International Swaps and Derivatives Association
2014 Credit Derivatives Definitions Launched
On August 21st, the International Swaps and Derivatives Association announced the launch of the ISDA 2014 Credit Derivatives Definitions Protocol. ISDA Press Release.
 
 
NASDAQ OMX Group
Market Maker Proposal Approved
On August 20th, the SEC approved NASDAQ OMX BX’s proposed amendment of the current BX Market Maker quoting obligations to adopt rules permitting BX Market Makers to act as Lead Market Makers (“LMMs”) provided the LMM meets certain obligations and quoting requirements. In addition, the proposal provides assigned LMMs with certain participation entitlements and provides Public Customers with priority when the Price/Time execution algorithm is in effect. SEC Release No. 34-72883.
 
 
National Futures Association
Anti-Money Laundering Advisories
On August 18th, the National Futures Association informed members of advisories issued by the Financial Crimes Enforcement Network concerning jurisdictions with anti-money laundering deficiencies and the development of a culture of Bank Secrecy Act compliance. NFA Notice I-14-19.
Judicial Developments
Mandatory FINRA Arbitration Rules May Be Superseded
On August 21st, the Second Circuit affirmed district court orders enjoining FINRA arbitrations. In these two consolidated cases, appellants sought review of district court orders which granted a financial services firm’s motion to enjoin a FINRA arbitration brought against the firm by a public financing authority. The Second Circuit held that in each case, the FINRA arbitration rules had been superseded by forum selection clauses requiring “all actions and proceedings” related to the transactions between the parties to be brought in court. Goldman, Sachs & Co. v. Golden Empire Sch. Fin. Auth.
 
 
Domestic Injury Unnecessary for Private RICO Cases
On August 20th, the Second Circuit denied a petition seeking en banc review of a panel opinion which held that the Racketeer Influenced and Corrupt Organizations Act (“RICO”) can apply extraterritorially where, as here, liability or guilt could attach to extraterritorial conduct under the relevant RICO predicate. The European Community alleges that RJR Nabisco participated in a global money-laundering scheme with organized criminal groups in violation of RICO. Denying the petition for en banc review, the Court held that the plaintiffs are not required to plead that their alleged injuries actually occurred in the United States. European Community v. RJR Nabisco. View the amended panel opinion here.  
 
 
Dismissal of VW Short-Squeeze Suit is Affirmed
On August 15th, the Second Circuit affirmed the dismissal of a securities fraud lawsuit stemming from Porsche’s attempt to takeover Volkswagen. Plaintiffs purchased securities-based swaps pegged to the price of Volkswagen shares. They alleged that defendants made fraudulent statements and took deceptive actions to conceal Porsche’s intention to takeover VW in violation of Section 10(b) of the Securities Exchange Act. Applying the Supreme Court’s analysis in Morrison v.
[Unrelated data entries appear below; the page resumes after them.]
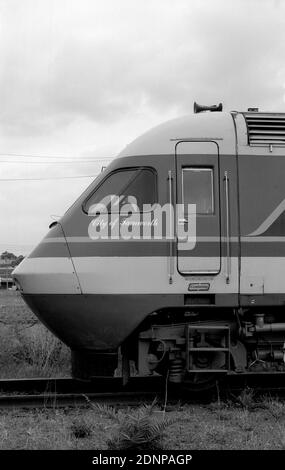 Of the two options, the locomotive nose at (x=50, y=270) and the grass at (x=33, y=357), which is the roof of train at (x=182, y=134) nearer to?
the locomotive nose at (x=50, y=270)

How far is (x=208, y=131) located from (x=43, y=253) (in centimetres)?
265

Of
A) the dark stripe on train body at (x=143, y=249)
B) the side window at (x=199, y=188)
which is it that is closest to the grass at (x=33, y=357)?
the dark stripe on train body at (x=143, y=249)

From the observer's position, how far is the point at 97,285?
7430 millimetres

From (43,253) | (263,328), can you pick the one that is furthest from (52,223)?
(263,328)

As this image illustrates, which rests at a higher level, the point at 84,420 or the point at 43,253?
the point at 43,253

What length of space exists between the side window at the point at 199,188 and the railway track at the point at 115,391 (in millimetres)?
2445

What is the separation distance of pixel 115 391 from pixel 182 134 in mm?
3771

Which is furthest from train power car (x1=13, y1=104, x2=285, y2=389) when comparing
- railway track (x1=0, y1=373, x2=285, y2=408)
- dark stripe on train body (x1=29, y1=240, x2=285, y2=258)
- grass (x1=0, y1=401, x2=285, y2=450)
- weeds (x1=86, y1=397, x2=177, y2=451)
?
weeds (x1=86, y1=397, x2=177, y2=451)

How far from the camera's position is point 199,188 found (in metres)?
7.72

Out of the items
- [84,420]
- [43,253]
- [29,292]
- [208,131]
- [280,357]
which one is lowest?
[84,420]

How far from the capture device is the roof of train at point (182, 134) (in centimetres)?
779

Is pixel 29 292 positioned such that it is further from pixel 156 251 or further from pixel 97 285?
pixel 156 251

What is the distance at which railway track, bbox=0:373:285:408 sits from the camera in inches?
310

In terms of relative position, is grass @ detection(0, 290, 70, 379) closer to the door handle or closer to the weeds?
the door handle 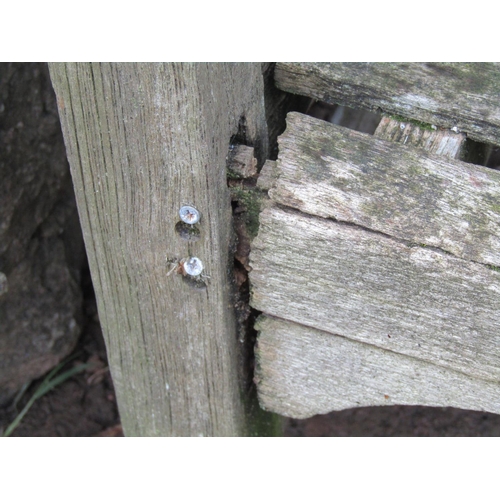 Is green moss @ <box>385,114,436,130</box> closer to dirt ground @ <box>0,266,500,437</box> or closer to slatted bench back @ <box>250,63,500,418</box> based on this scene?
slatted bench back @ <box>250,63,500,418</box>

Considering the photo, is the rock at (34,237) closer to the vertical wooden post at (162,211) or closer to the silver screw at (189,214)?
the vertical wooden post at (162,211)

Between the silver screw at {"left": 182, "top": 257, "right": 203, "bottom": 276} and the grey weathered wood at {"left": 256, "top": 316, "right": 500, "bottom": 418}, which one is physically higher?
the silver screw at {"left": 182, "top": 257, "right": 203, "bottom": 276}

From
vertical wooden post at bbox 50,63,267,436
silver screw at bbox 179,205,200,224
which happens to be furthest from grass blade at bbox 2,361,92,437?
silver screw at bbox 179,205,200,224

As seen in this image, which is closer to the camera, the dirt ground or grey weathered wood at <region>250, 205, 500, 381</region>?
grey weathered wood at <region>250, 205, 500, 381</region>

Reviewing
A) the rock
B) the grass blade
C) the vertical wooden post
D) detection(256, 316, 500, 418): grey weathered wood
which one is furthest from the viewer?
the grass blade

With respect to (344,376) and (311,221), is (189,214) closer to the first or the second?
(311,221)

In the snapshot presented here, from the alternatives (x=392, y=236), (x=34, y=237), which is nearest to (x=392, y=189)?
(x=392, y=236)

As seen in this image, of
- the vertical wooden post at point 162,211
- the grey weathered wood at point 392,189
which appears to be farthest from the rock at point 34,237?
the grey weathered wood at point 392,189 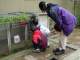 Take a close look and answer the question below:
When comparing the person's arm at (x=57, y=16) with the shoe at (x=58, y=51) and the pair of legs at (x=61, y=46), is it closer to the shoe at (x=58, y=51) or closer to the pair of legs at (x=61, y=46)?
the pair of legs at (x=61, y=46)

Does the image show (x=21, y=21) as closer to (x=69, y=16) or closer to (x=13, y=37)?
(x=13, y=37)

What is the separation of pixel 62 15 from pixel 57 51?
3.81 ft

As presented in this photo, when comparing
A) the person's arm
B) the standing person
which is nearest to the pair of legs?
the standing person

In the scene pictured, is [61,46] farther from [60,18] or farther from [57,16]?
[57,16]

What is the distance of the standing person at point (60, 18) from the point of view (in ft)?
17.4

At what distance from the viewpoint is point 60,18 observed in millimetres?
5371

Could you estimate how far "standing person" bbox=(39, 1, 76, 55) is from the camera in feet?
17.4

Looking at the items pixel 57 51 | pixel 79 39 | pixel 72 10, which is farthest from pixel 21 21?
pixel 72 10

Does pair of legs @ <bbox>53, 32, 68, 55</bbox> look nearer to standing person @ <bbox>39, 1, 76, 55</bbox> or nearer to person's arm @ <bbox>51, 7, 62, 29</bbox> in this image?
standing person @ <bbox>39, 1, 76, 55</bbox>

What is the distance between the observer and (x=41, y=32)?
19.2 feet

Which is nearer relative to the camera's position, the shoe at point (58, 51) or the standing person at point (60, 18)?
the standing person at point (60, 18)

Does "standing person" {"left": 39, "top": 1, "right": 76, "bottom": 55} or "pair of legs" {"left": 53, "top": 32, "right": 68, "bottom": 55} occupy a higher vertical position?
"standing person" {"left": 39, "top": 1, "right": 76, "bottom": 55}

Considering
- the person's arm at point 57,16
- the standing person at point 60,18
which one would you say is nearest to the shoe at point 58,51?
the standing person at point 60,18

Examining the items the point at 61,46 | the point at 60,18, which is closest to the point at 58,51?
the point at 61,46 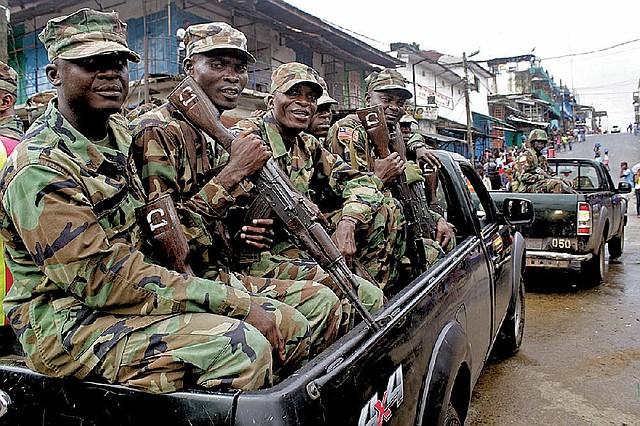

National Australia Bank Ltd., 561 U.S. 247 (2010), and its own precedent in Absolute Activist Value Master Fund Ltd. v. Ficeto, 677 F.3d 60 (2d Cir. 2012), the Court held that the relevant actions in this case were so predominantly German as to compel the conclusion that the complaint fails to invoke Section 10(b) in a manner consistent with the presumption against extraterritoriality. The Court noted the extremely fact intensive nature of cases involving the extraterritorial application of Section 10(b) and declined to draw a bright-line test for when the application of Section 10(b) will be considered extraterritorial. Because the Court recognized that plaintiffs might be able to draft an amended complaints that would invoke a domestic application of Section 10(b), the case was remanded to allow the district court to entertain a motion to amend the complaint. Parkcentral Global Hub Ltd. v. Porsche Automobile Holdings SE.
Industry News
Unmasking Counterparties
On August 21st, Risk.net summarized a letter sent to the Financial Stability Board signed by SEC Chair Mary Jo White on behalf of the OTC Derivatives Regulators Group. The letter asks the FSB to unambiguously request countries to remove privacy laws requiring firms to mask counterparty identification information. Unmasking.
 
 
Conflicting Conflicts
On August 21st, New York Times columnist Floyd Norris discussed the conflicts of interest present in the auditing and credit rating industries and the difficulties regulators have faced in addressing those conflicts. Conflicting Conflicts. On August 18th, CFO.comreported on the SEC’s efforts to adopt conflict of interest rules for credit rating agencies. Credit Raters.
 
 
Global Agenda
On August 21st, Reuters summarized what the G20 hopes to accomplish at its November meeting. Issues include capital cushions, termination agreements for derivatives, and repo reforms. Global Agenda.
 
 
Labor Department Seeks Information on Brokerage Windows
On August 20th, the Department of Labor issued a request for information (“RFI”) on the use of brokerage windows, self-directed brokerage accounts and similar features in 401(k)-type plans. The RFI seeks information concerning the scope of investment options typically available through a window; demographic and other information about participants who commonly use brokerage windows; the process of selecting a brokerage window and provider for a plan; the costs of brokerage windows; and what kind of information about brokerage windows and underlying investment options typically is available and disclosed to participants. Comments should be submitted on or before November 19, 2014. Department of Labor Press Release.
 
 
Lobbying Miss
On August 20th, Reuters reported the asset management industry is reevaluating its international lobbying approach in light of indications that the Financial Stability Board (“FSB”) may impose market restrictions on asset managers in times of financial crisis. The FSB had originally considered designating the largest asset managers as systemically important. But when the industry objected to using size as the sole measurement, the FSB opened the possibility of regulating activities. Backfire.
 
 
Berkshire Hathaway to Pay $896,000 for Hart-Scott-Rodino Violations
On August 20th, the Federal Trade Commission announced Berkshire Hathaway Inc. has agreed to pay $896,000 in civil penalties to resolve allegations that it violated the Hart-Scott-Rodino Act’s (“HSR”) premerger reporting laws in connection with the 2013 acquisition of voting securities in USG Corporation. According to the FTC’s complaint, Berkshire Hathaway changed convertible notes it owned in USG into 21.4 million voting securities on December 9, 2013. As a result of the conversion, the value of its USG holdings exceeded $283.6 million, the premerger reporting threshold under the HSR Act at the time. The company subsequently made a corrective filing, and acknowledged that the transaction should have been reported under the HSR Act. Just six months prior, Berkshire Hathaway made a corrective filing in connection with a June 2013 acquisition of $41 million of voting securities in Symetra Financial Corporation, a transaction that resulted in Berkshire Hathaway holding Symetra voting securities valued at more than $283.6 million. The FTC took no action against Berkshire Hathaway following its first HSR Act violation, and relied on the firm’s assurances that it would implement appropriate HSR monitoring procedures going forward. FTC Press Release.
 
 
New York Fed Questions SEC’s Money Market Rules
On August 18th, the New York Federal Reserve Bank’s Liberty Street Economics blog discussed a recent New York Fed staff report which found that the possible imposition of restrictions on a financial intermediary’s ability to fulfill redemption requests may promote “preemptive runs.” Redemption Gates.